Hello BOYZ!
Jacoby Ellsbury has been a disappointment this year until fairly recently. I thought surely he would perform like 2009, maybe close to 2011 since he is in a contract year and his agent Boras will be looking for something over $125,000,000 long term. The guys has great gifts, but his year has been subpar by any measure. Lately he's been heating up...and then some dummy made the fatal mistake of motivating Ells by hitting him. STUPID!
http://espn.go.com/boston/mlb/story...stolen-base-record-five-philadelphia-phillies
PHILADELPHIA -- Jacoby Ellsbury, modern art collector?
In a manner of speaking, yes. A highly specialized form, but one for which Ellsbury doesn't have to worry about outbidding anybody. You can be Warren Buffett rich and have no chance of lining your walls with the personalized pieces Ellsbury is assembling.
The Philadelphia Phillies, in a gesture made up in equal parts of graciousness and respect, added to Ellsbury's collection Thursday night, giving him a 15-inch square white canvas bag, filled with soft material, to match the two he already has at home.

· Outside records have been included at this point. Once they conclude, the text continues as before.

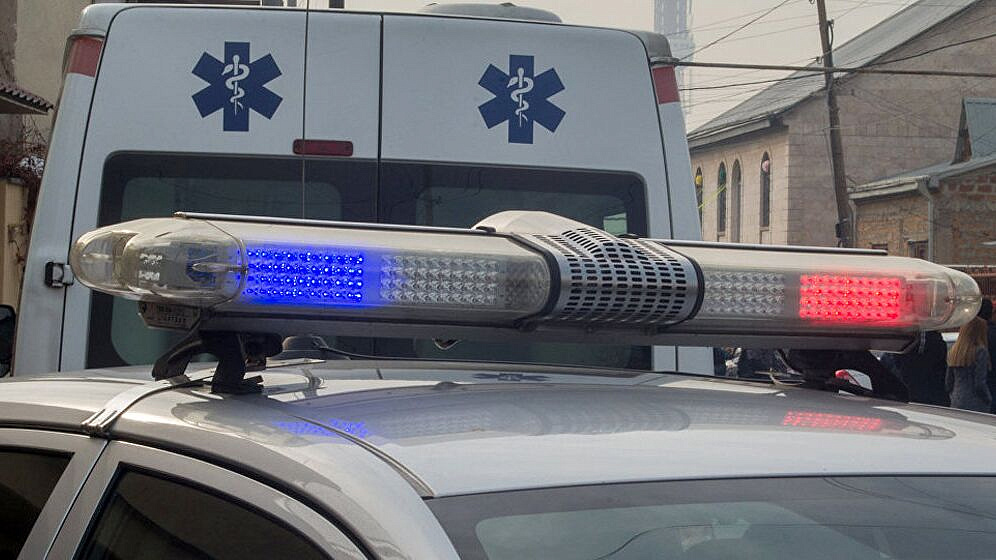 В Ереване из-за ветра рухнула стена недостроенного здания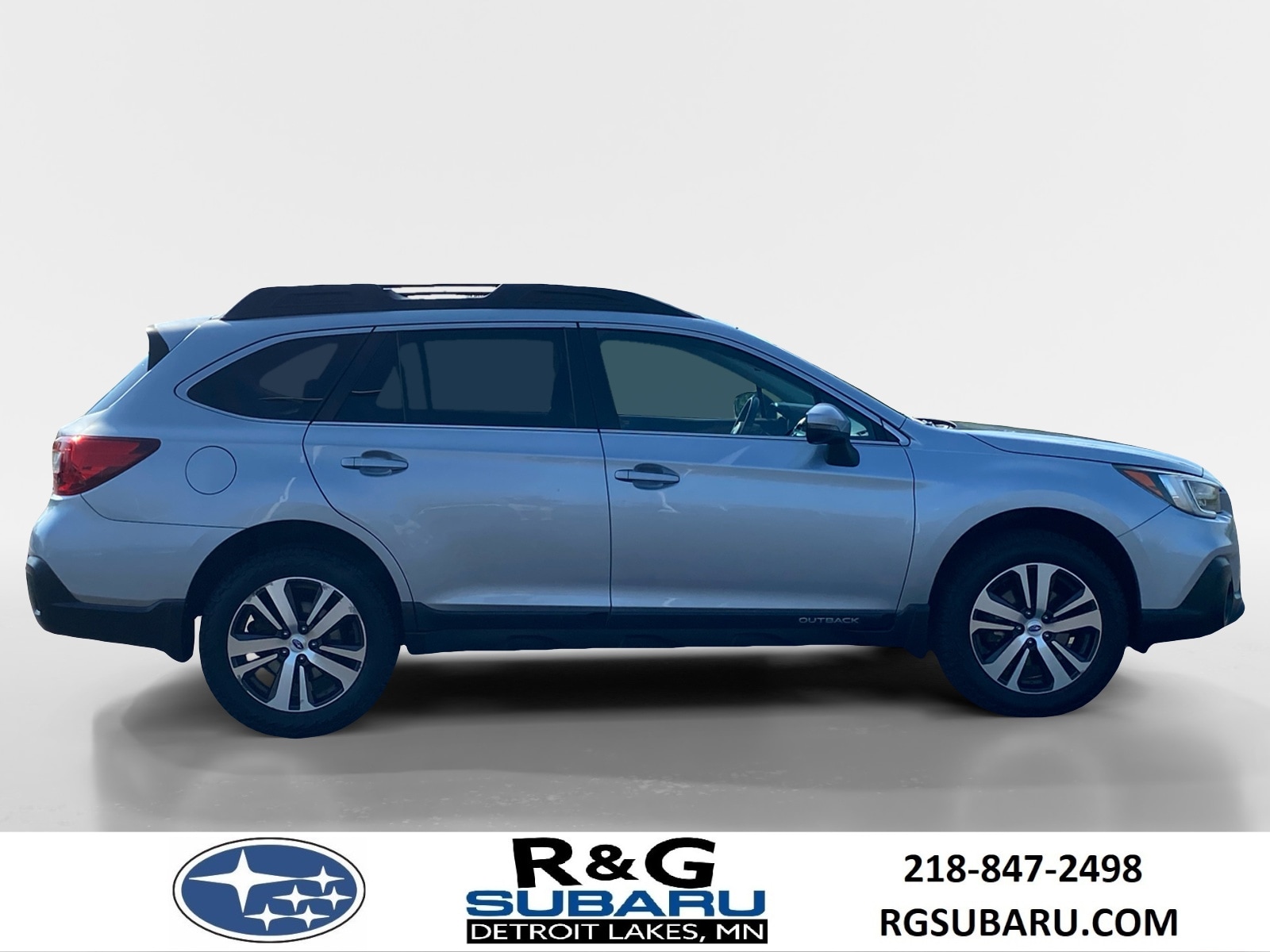 Used 2018 Subaru Outback Limited with VIN 4S4BSANC5J3237610 for sale in Detroit Lakes, Minnesota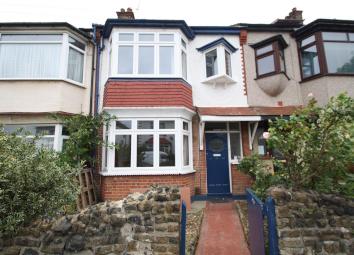 Flat To Rent in Westcliff-on-Sea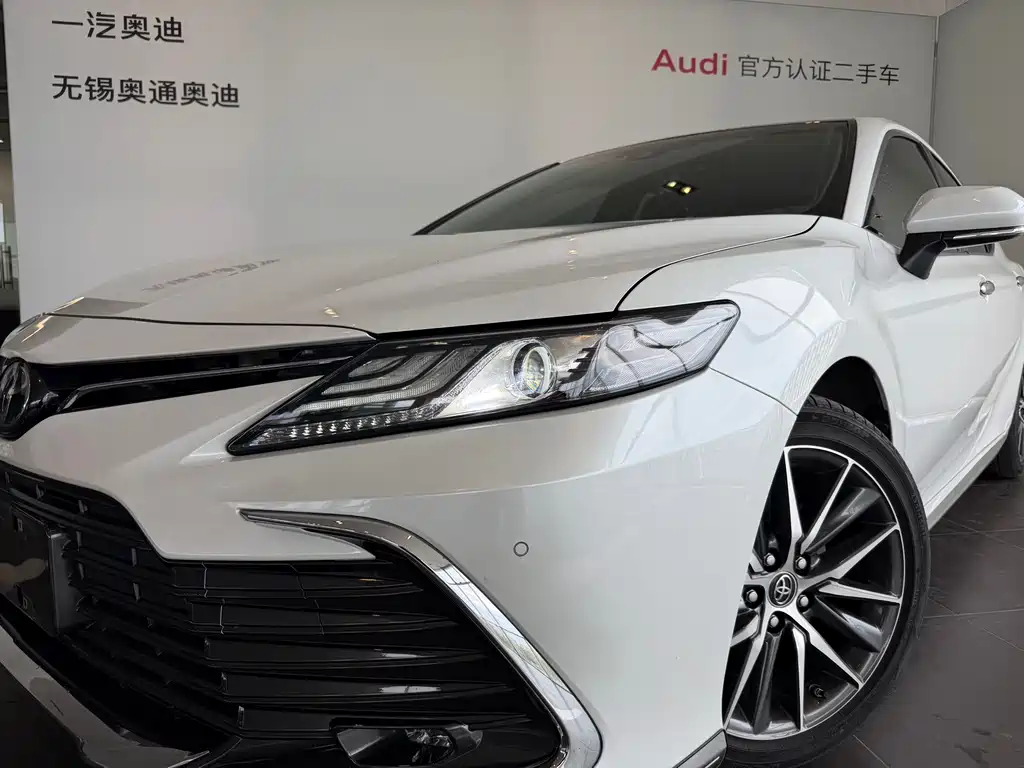 Toyota Camry 2023 — фото 6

The bag has a name: a major league base. Ellsbury was given one by the Red Sox when he broke Tommy Harper's club record of 54 stolen bases in 2009. The Sox gave him another after he stole his majors-leading 70th base that same season. And Thursday night, the Phillies gave him a third, in recognition of the club-record five bases he stole in Citizens Bank Park during Boston's 9-2 win over the home team. This one he didn't have to steal; it was a gift.
"Pretty neat," he said. "Nice of them."
And yes, Ellsbury said, it's suitable for hanging.
"You can cut off the bottom and stick it on the wall," said Ellsbury, indicating that's what was done with the first two.
Power wash them first?
"Leave 'em dirty," Ellsbury said. "As they are."
Ellsbury reached base on his first five trips Thursday night and came within a whisker of his fourth hit on his sixth plate appearance, a lunge by Phillies rookie second baseman Cesar Hernandez sufficient to collar his ground ball in the ninth.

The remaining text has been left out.